La Copa Junior Nuevos Valores (2017) (Spanish for "The New Values Junior Cup") was a professional wrestling tournament produced and scripted by the Mexican wrestling promotion Consejo Mundial de Lucha Libre (CMLLl; Spanish "World Wrestling Council"). The tournament ran from April 14, 2017 to April 28, 2017 in Arena México in Mexico City, Mexico. CMLL's recurring La Copa Junior tournament featured second, third or fourth generation wrestlers completing against each other. The 2017 version of the La Copa Junior was the ninth tournament held by CMLL.

The format of the 2017 tournament matches the previous tournament, as well as a number of CMLL's other annual tournaments. 16 wrestlers are divided into two groups of eight that wrestle in a torneo cibernetico elimination match on April 14 and April 21, the survivor of each qualifying torneo cibernetico then faces off against each other in the finals on April 28, 2017. On April 28, 2017 Soberano Jr. defeated Sansón to win the tournament.

==Production==
===Background===
Starting in 1996 the Mexican professional wrestling promotion Consejo Mundial de Lucha Libre ("World Wrestling Council"; CMLL) held their first ever La Copa Junior tournament.
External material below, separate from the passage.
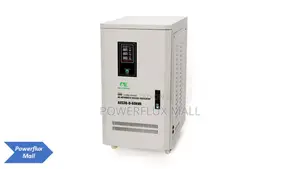 60kva 3-Phase Servo Stabilizer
CMLL held the tournament to celebrate the fact that lucha libre in Mexico is often a family tradition, with a large number of second, third, or even fourth generation wrestlers following the footsteps of their relatives. The premise of the tournament is that all participants are second-generation or more, although at times the family relationship is a storylines family relationship and not an actual one. One example of this is Dragón Rojo Jr. being billed as the grandson of Dragón Rojo, when in reality that is simply a storyline created by CMLL. The original La Copa Junior was won by Héctor Garza.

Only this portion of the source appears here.